Entrambe le disposizioni citate (l’art. 31 ed il 35 del DPR n. 380/2001) si caratterizzano per il comune carattere vincolato dei poteri e delle sanzioni ripristinatorie in essi disciplinato, anche se l’ambito di applicazione delle due fattispecie è sensibilmente diverso.
In materia edilizia, nel caso di acclarata abusività del manufatto, l'ordine di demolizione di cui all'art. 31 del D.P.R. n. 380 del 2001 è un atto dovuto e vincolato che non necessita di motivazione aggiuntiva rispetto all'indicazione dei presupposti di fatto e all'individuazione e qualificazione degli abusi e, ai fini della sua legittimità, è, pertanto, necessaria e sufficiente l'affermazione della accertata abusività dell'opera, mediante la descrizione della stessa, la constatazione dell'esecuzione in assenza del necessario titolo abilitativo e l'individuazione della norma applicata (cfr. ex multis T.A.R. Campania Napoli Sez. II, 05/05/2022, n. 3071, T.A.R. Piemonte Torino Sez. II, 17/03/2020, n. 199, T.A.R. Lazio Latina Sez. I, 09/05/2022, n. 435)
Nemmeno occorre motivare in modo particolare un provvedimento con il quale sia ordinata la demolizione di un immobile abusivo quando sia trascorso un notevole lasso di tempo dalla sua realizzazione: infatti l'ordinamento tutela l'affidamento di chi versa in una situazione antigiuridica soltanto laddove esso presenti un carattere incolpevole, mentre la realizzazione di un'opera abusiva si concretizza in una volontaria attività del costruttore realizzata contra legem .
A tale regola non fa eccezione il fatto che l’opera sia presente in atti di pianificazione o in elaborati tecnici afferenti pratiche edilizie relative ad opere connesse, non essendo ipotizzabile nel nostro ordinamento una sanatoria per facta concludentia o implicita.

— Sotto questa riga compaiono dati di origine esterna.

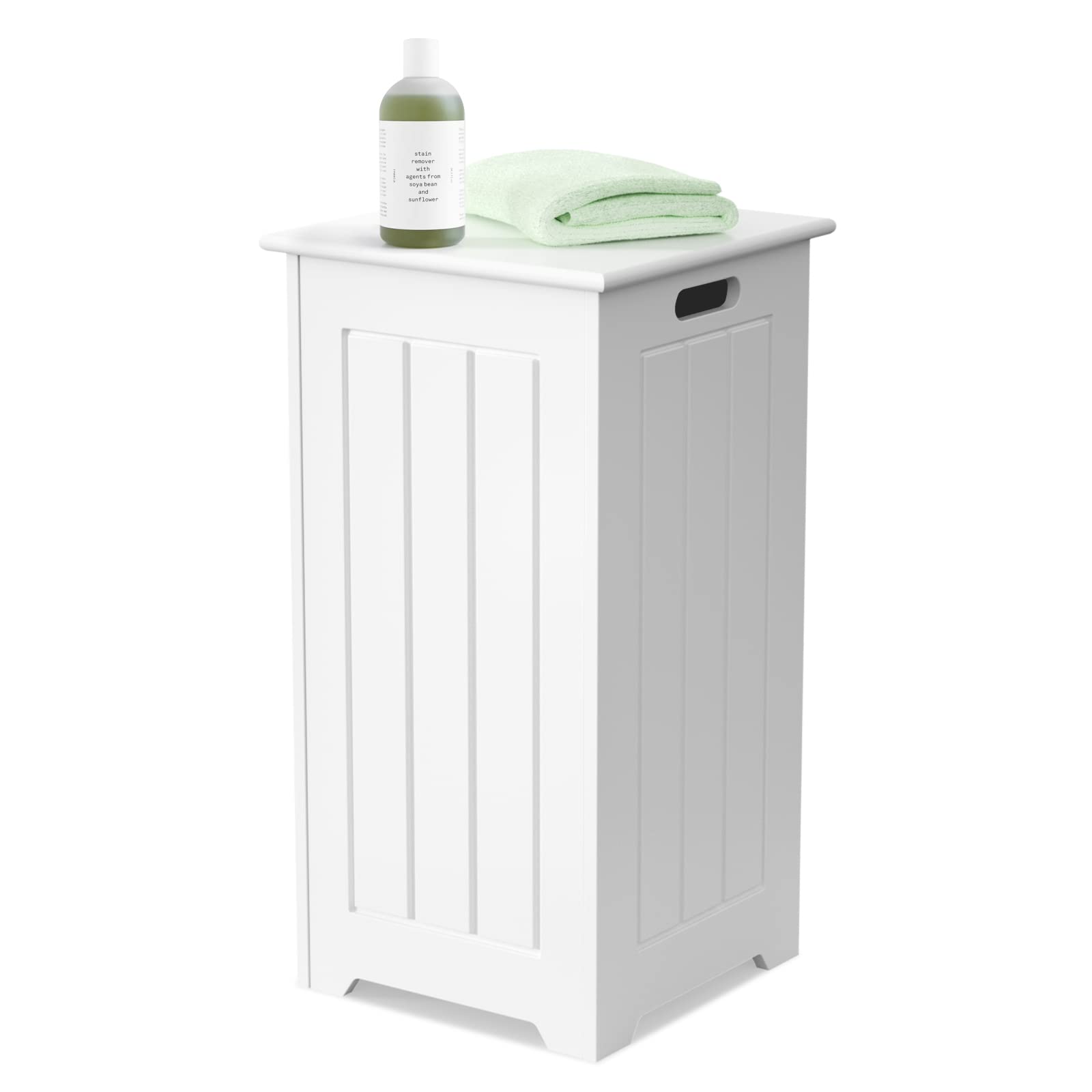 LIFEZEAL Cesto Para la Ropa con Bolsa Interior, Cubo Ropa Sucia con Tapa Bisagra de Metal y Empuñadura Lateral, Armario con Grande Capacidad para Baño, 30 x 30 x 61 cm (Sin bolsa interior)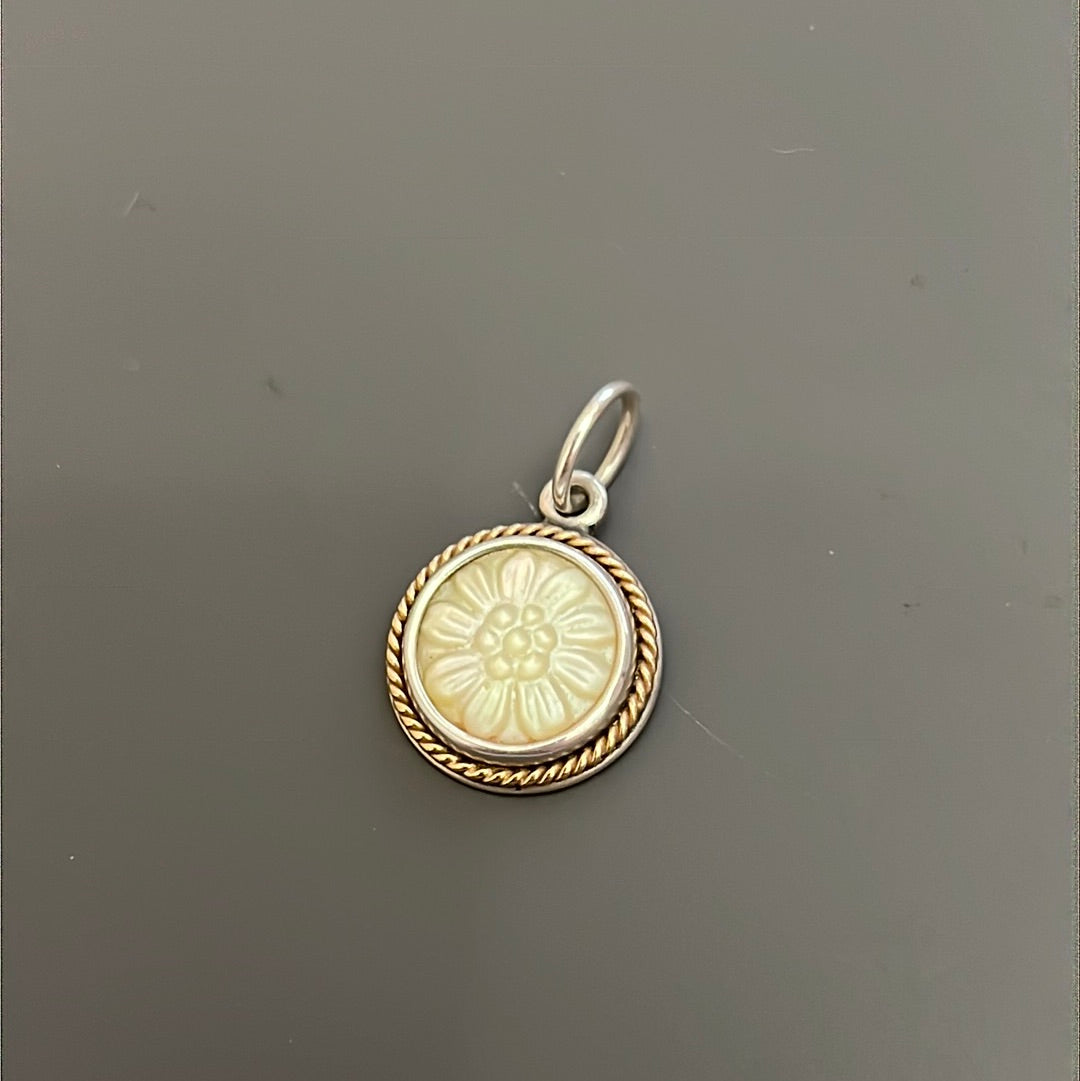 Genuine Pandora RARE and Beautiful White Mother of Pearl Two Tone Rope Flower Pendant Charm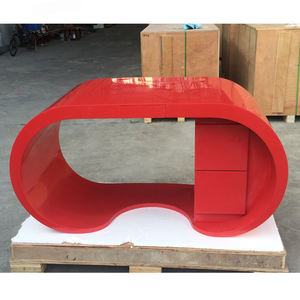 Escritorio de estación de trabajo de Venta caliente para 1 persona mesa de oficina en casa de piedra artificial roja hecha en China - Product Image 2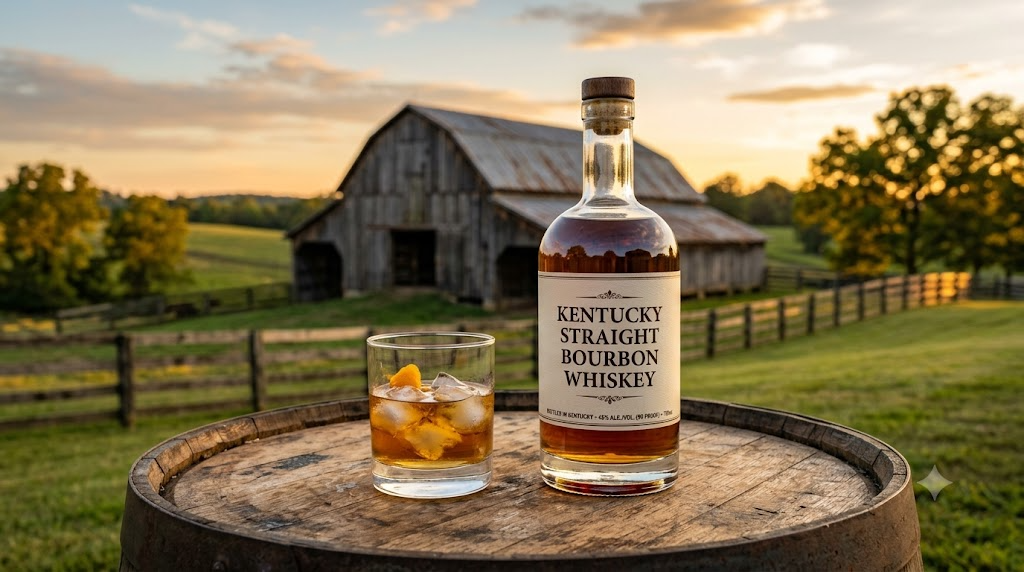 Chai rượu bourbon Kentucky trên thùng gỗ sồi cạnh kho ủ rượu lúc hoàng hôn
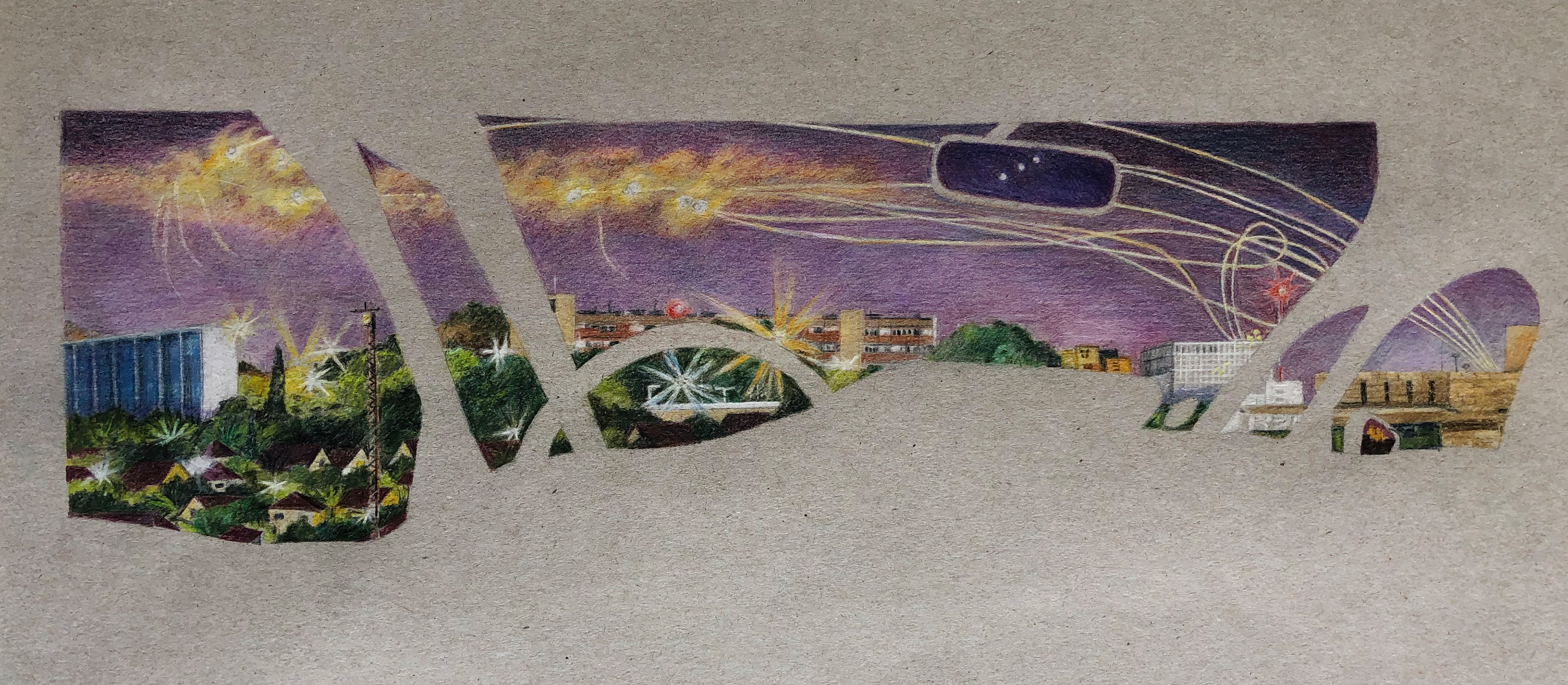Friendly Fire, Color Pencil, 42 cm x 26 cm 2020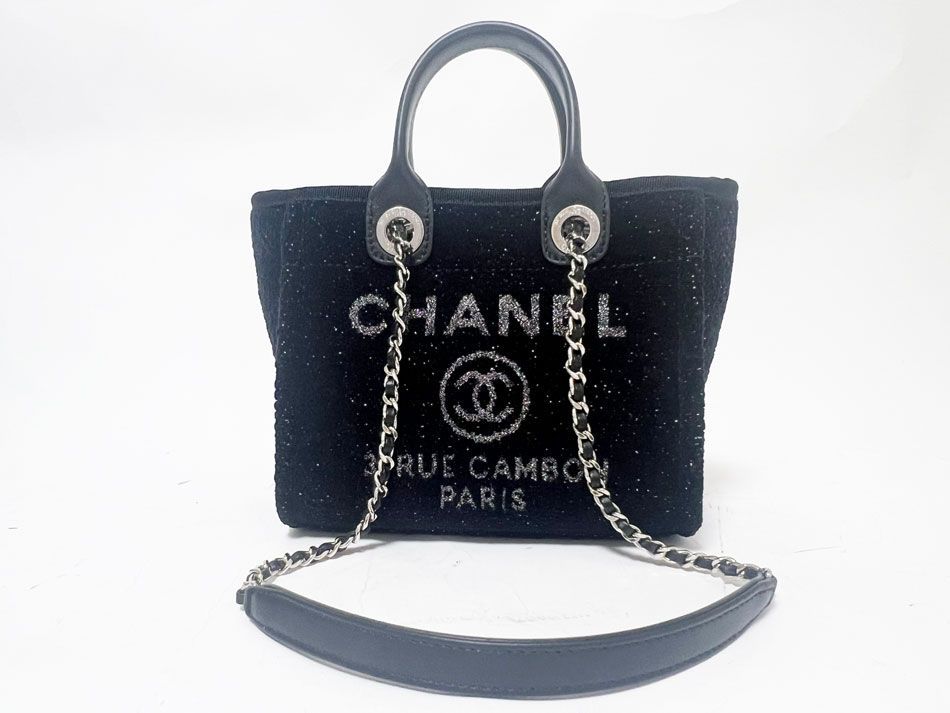 CHANEL シャネル ドーヴィル ミニ ショッピング トートバッグ ショルダーバッグ ブラック ラメ レア 超美品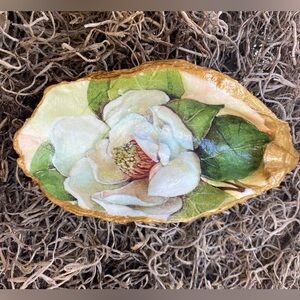 Handcrafted Decoupaged Magnolia Blossom Large Oyster Shell With Gold Accent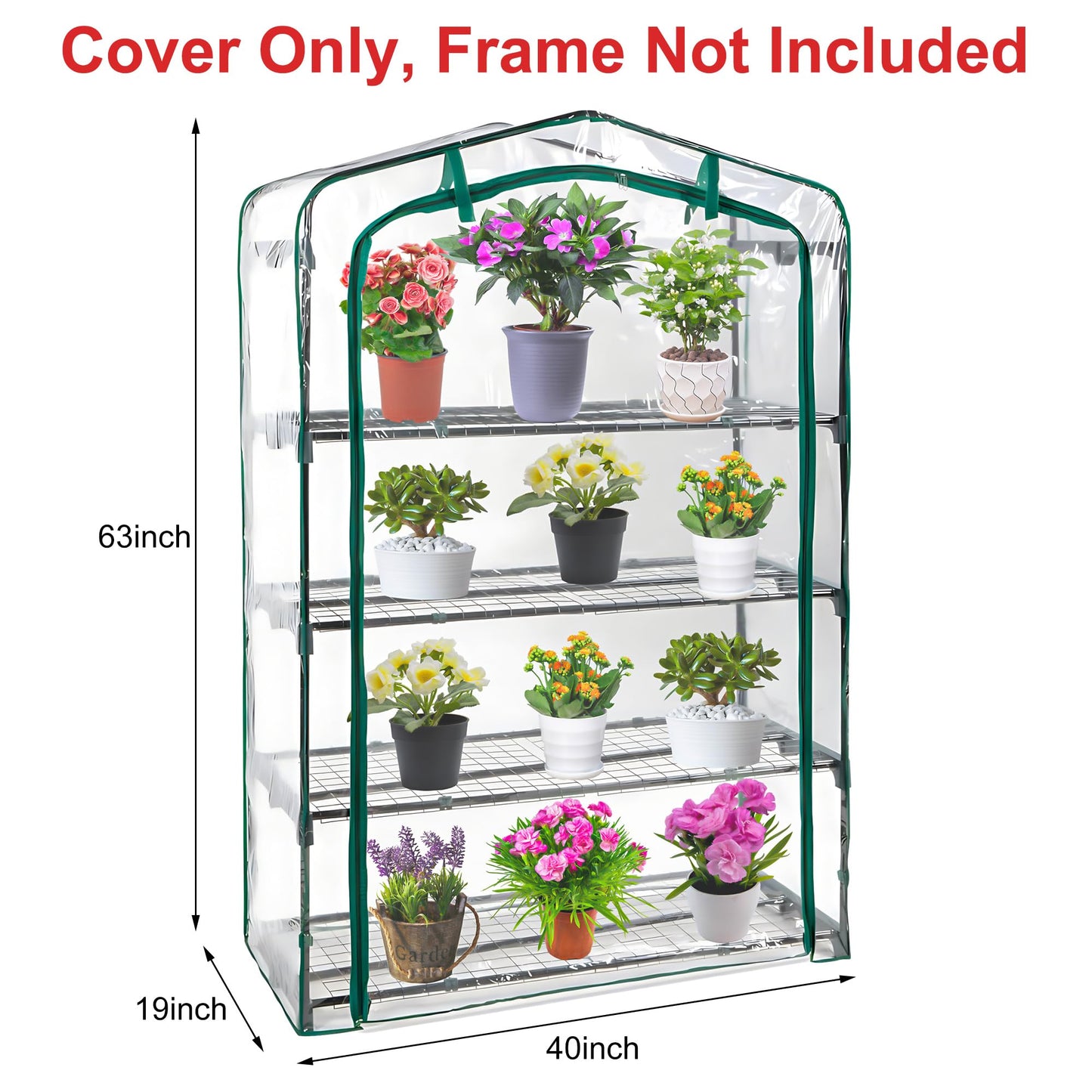 DECOHS Extra Wide 4 Tier Greenhouse Replacement Cover- 63 x 40 x 19 Inch Clear PVC Plant Gardening Greenhouse Cover with Roll-Up Zipper Door for Gardening Plants Flowers (Frame Not Include)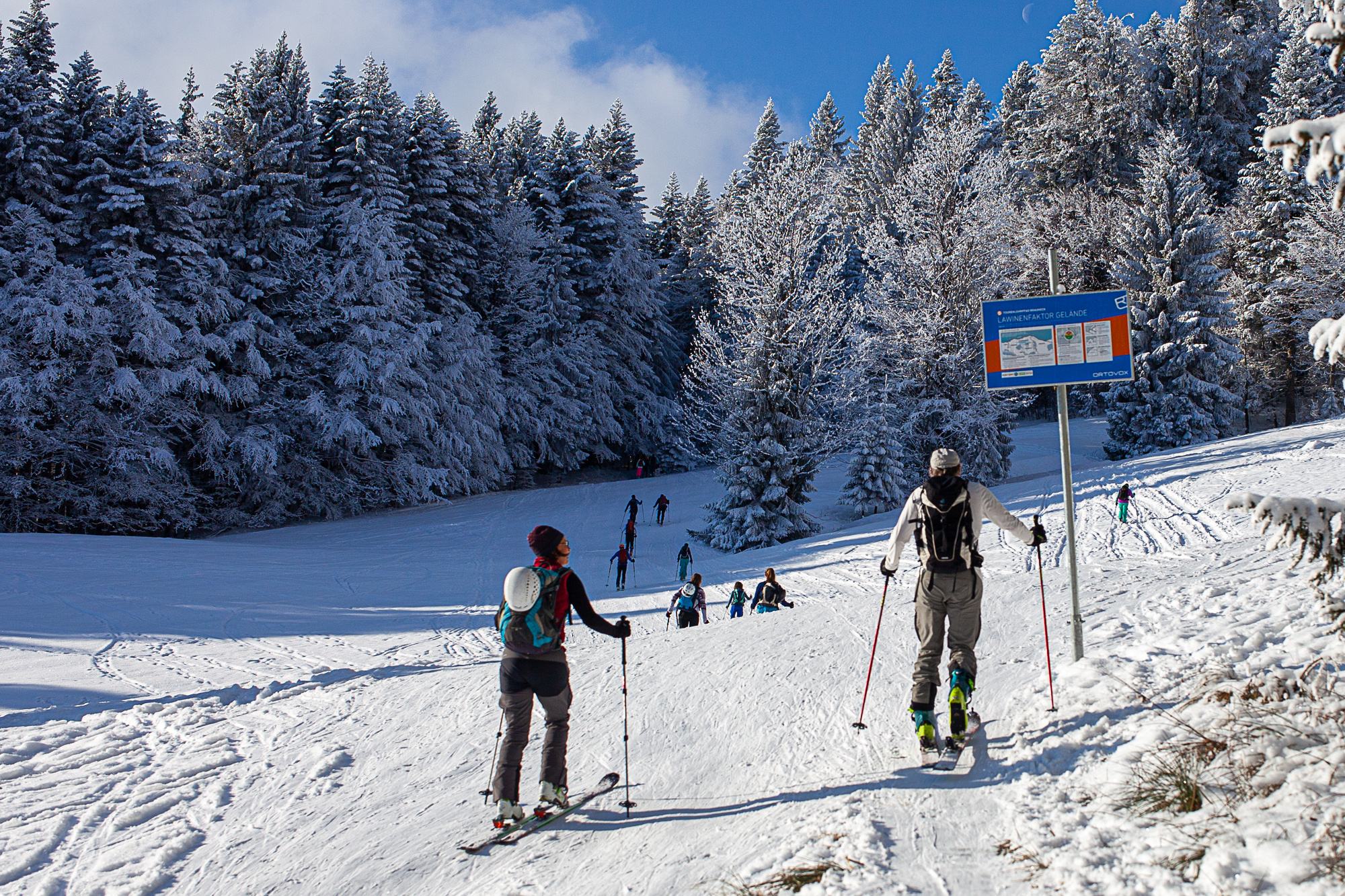 Abzweig der Skitourenroute von der Piste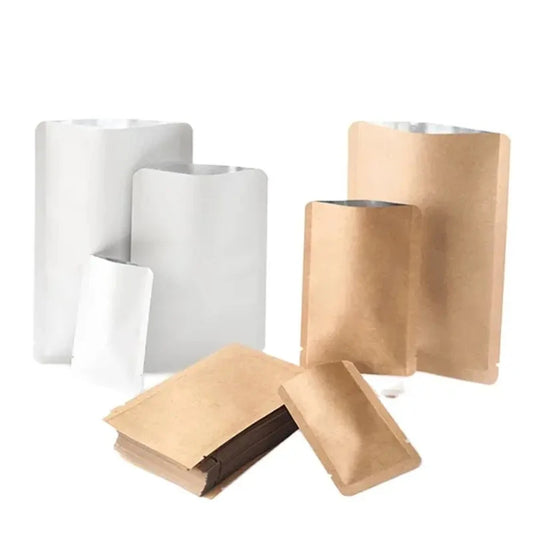 100Pcs Kraft Paper Open Top Bags Heat Sealing Packaging Pouches for Coffee Tea Spices Chocolate Candy Soap Eco-Friendly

La disciplina di cui all'art. 35 (Interventi abusivi realizzati su suoli di proprietà dello Stato o di enti pubblici ) del D.P.R. n. 380/2001 differisce da quella prevista dall'art. 31 del medesimo D.P.R., che riguarda le opere realizzate in assenza di permesso di costruire, in totale difformità o con variazioni essenziali rispetto allo stesso, su suoli privati, non prevedendo l'irrogazione di sanzioni pecuniarie nei confronti dei soggetti responsabili dell'abuso edilizio, e trovando la sua giustificazione nella particolare gravità della condotta sanzionata, che riguarda la costruzione di opere abusive su suoli pubblici.
Dagli atti di causa emerge che l’opera di cui si controverte è costruita in parte su suolo pubblico (per la fondazione in alveo) ed in parte su suolo privato (per la parete in argine spondale e per la porzione sopraelevata). Ciò è emerso anche in sede procedimentale ed ha formato oggetto di confronto tra le parti in causa e tra le stesse e la Regione Piemonte (cfr. doc. n.